Die Reform des Markt-Staat-Verhältnisses in China

PEKING – Seit Beginn der Geschichtsschreibung ist kein Land so rasch gewachsen – und hat so viele Menschen aus der Armut befreit – wie China in den letzten dreißig Jahren. Ein Markenzeichen des chinesischen Erfolgs war die Bereitschaft der jeweiligen politischen Führungen, das Wirtschaftsmodell trotz der Gegnerschaft mächtiger Partikularinteressen zur richtigen Zeit und bei Bedarf zu korrigieren. Nun, da China eine weitere Reihe grundlegender Reformen umsetzt, stellt sich die Frage, ob sich der Widerstand dieser Interessen bereits wieder formiert. Kann den Reformern erneut ein Triumph gelingen?

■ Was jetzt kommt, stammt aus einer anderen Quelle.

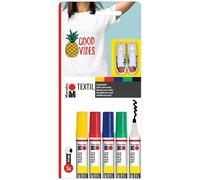 Marabu MARABU Feutres Textilpainter, 5 couleurs pour textiles clairs (2-4 mm)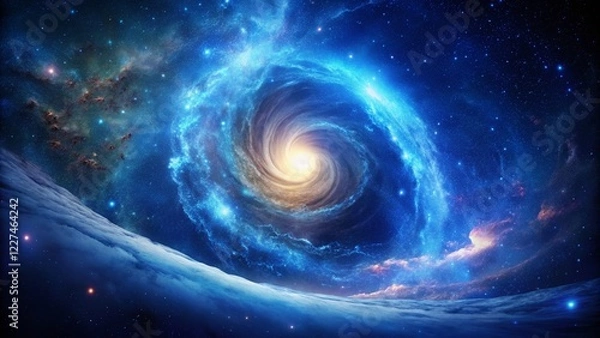 Fototapeta Abstract Blue Deep Space Nebula: Minimalist Cosmic Background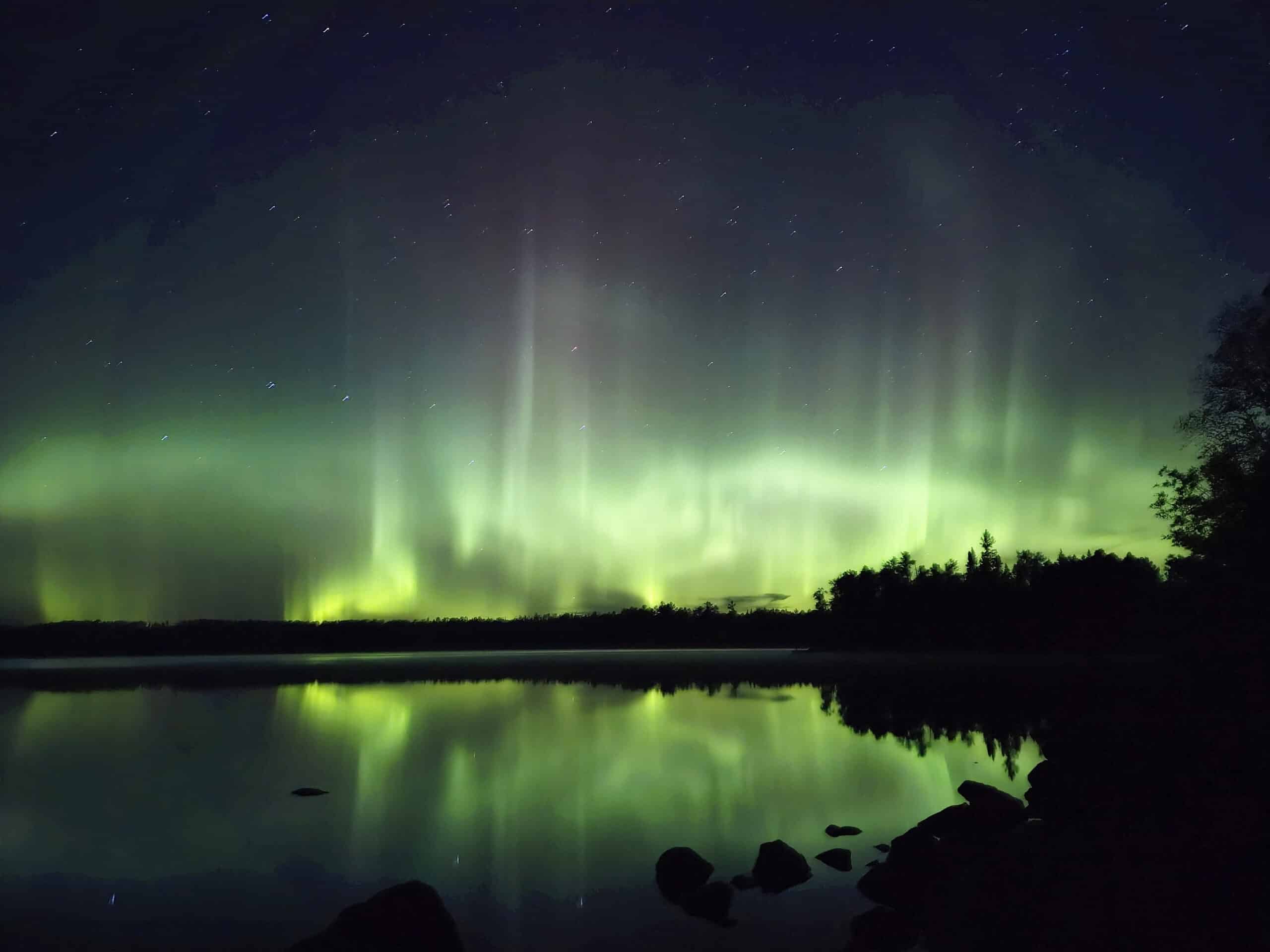 Bright northern lights display at Quetico Provincial Park.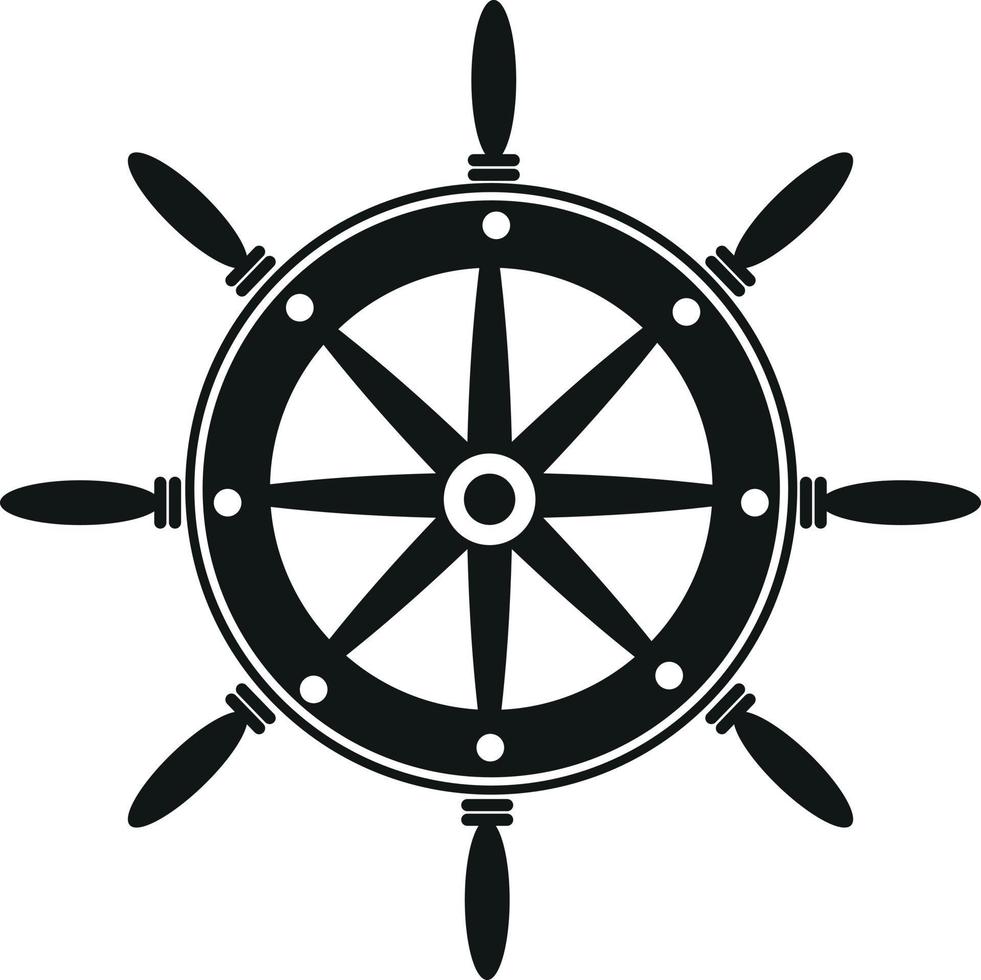 Vector Silhouette Of A Ship'S Steering Wheel, Isolated On Transparent Background.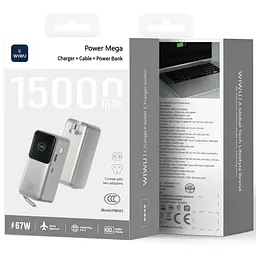 Портативний ЗП Power Bank WIWU PM501 Power Mega PD67W with cable 15000 mAh Silver - мініатюра 2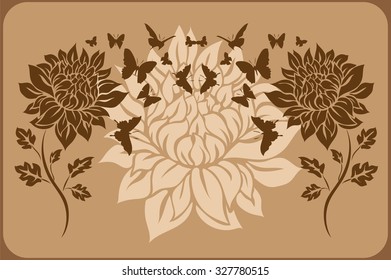 Beautiful flowers asters as greetings card with space for text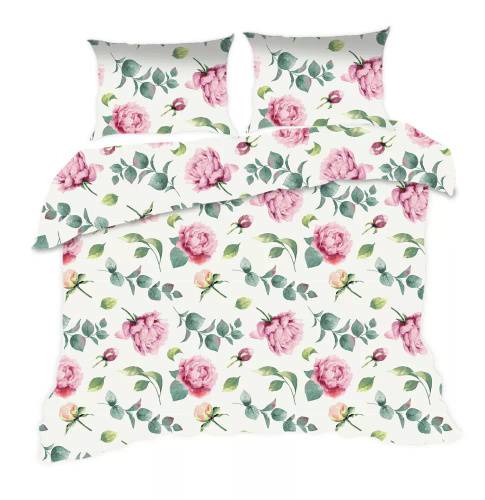 Komplet pościeli bawełnianej Classic E24 Karo 1654N kremowa kwiaty liście– 100% bawełna, mocny splot, 2 elementy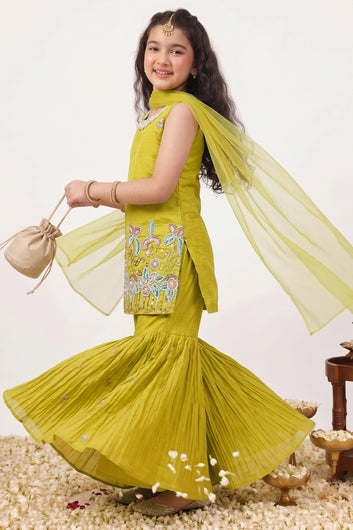 Girls Yellow Silk Blend Floral Embroidered Crop Top and Sharara With Dupatta Set For Trendy Look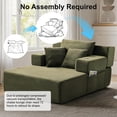 thumbnail image 4 of LLappuil Chaise Lounge Chair Indoor, Corduroy Boneless Sofa Bed with Cup Holder, Deep Seat Sleeper Couch Reading Chairs, Cloud Sofas Couches for Living Room, No Assembly Required Green, 4 of 7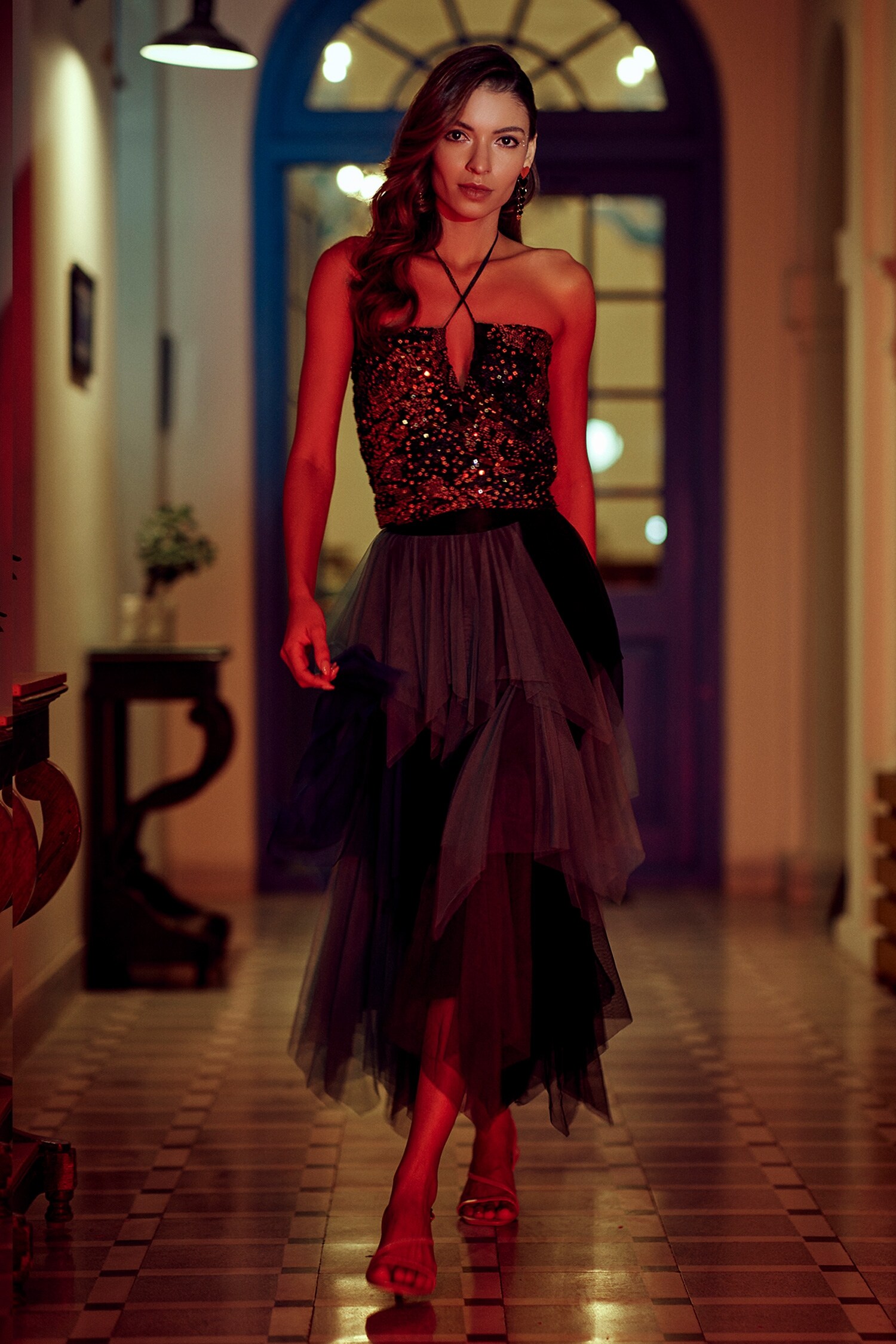 Verb by Pallavi Singhee Multi Color Tulle Layered Asymmetric Skirt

Bei der Beantwortung dieser Frage gilt es den entscheidenden Aspekt zu bedenken, dass mit der derzeitigen Reformrunde, ebenso wie mit vorangegangenen, nicht nur die Wirtschaft umstrukturiert wird, sondern auch jene Partikularinteressen, die künftige Reformen gestalten werden (und sogar bestimmen, ob Reformen überhaupt möglich sind). Und obwohl heute maßgebende Initiativen – wie beispielsweise die immer umfangreichere Anti-Korruptionskampagne – im Mittelpunkt der Aufmerksamkeit stehen, besteht das Grundproblem in China in der entsprechenden Gestaltung der Rollen von Staat und Markt.

Als China vor über drei Jahrzehnten mit seinen Reformen begann, war die Richtung klar: der Markt musste in der Ressourcenzuteilung eine viel größere Rolle spielen. Und so kam es auch, wobei der private Sektor heute viel wichtiger ist als er es damals war. Überdies besteht weitgehend Einigkeit, dass der Markt eine von offiziellen Vertretern so bezeichnete „entscheidende Rolle“ in zahlreichen Sektoren spielen muss, wo Staatsbetriebe (SOEs) vorherrschend sind. Doch welche Rolle sollte der Markt in anderen Sektoren und in der Wirtschaft im Allgemeinen spielen?